[Cryptography] How to crypto secure speed limit signs
Bill Stewart
billstewart at pobox.com
Thu Mar 26 01:53:51 EDT 2015
> > But how to avoid a "replay" attack -- i.e., cloning an existing
> sign & installing it somewhere else? Should the QR code crypto
> sign the sign's GPS coordinates? Wouldn't that make speed limit
> signs pretty expensive to manufacture & install?
> > Ditto with all kinds of other street signs.
There are at least three spoofing cases -
- some third party setting the speed limit lower than it should be
- some third party setting the speed limit higher than it should be
- you spoofing the signs so your own car ignores their annoyingly low
speed limits in favor of some higher one
If the speed limits using a radio-based system, you can probably
trick your car into ignoring it.
If it's a visual code, overriding it may be harder, maybe putting
stickers over the camera if that doesn't interfere with other
self-drive features, or messages on the OBD/CAN bus if they're exposed.
If it's visual, one third-party spoofing case is putting a bumper
sticker on your car with a low speed limit, to chase away tailgaters.

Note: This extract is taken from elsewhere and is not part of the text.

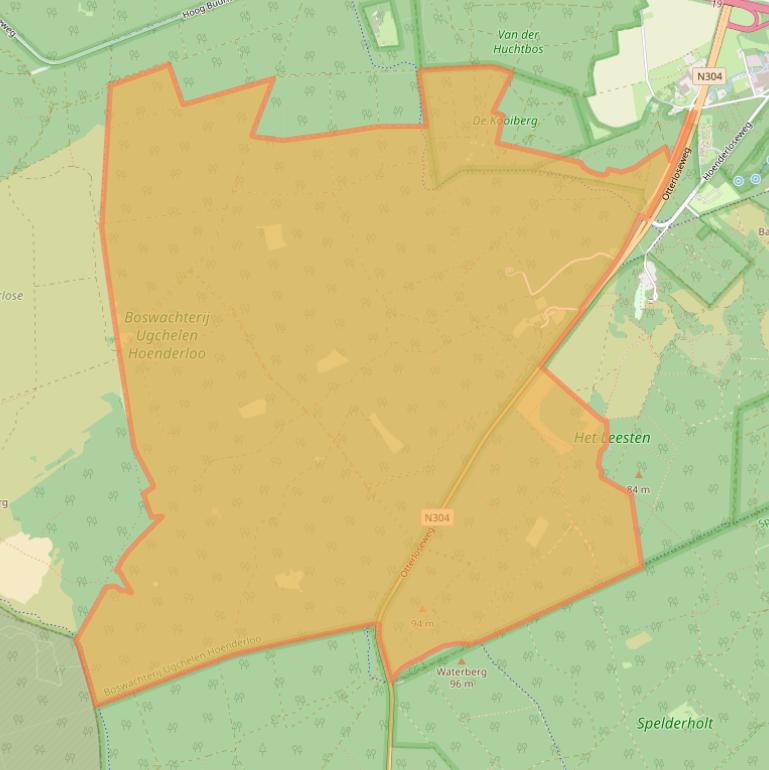 Kaart van postcodegebied 7339GZ.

If the speed's marked on the sign by some QR-like code, then you're
only going to get individually marked codes if they're printable on
the spot, as opposed to baked into the paint. That's kind of a tough
call, because the amount of data you need for just the speed is 1 or
2 bytes, a few more with GPS, but a few hundred with signatures, and
the video (which didn't really say how it worked) looked like it was
doing an OCR for digits in a circle or the black-slash-on-white sign.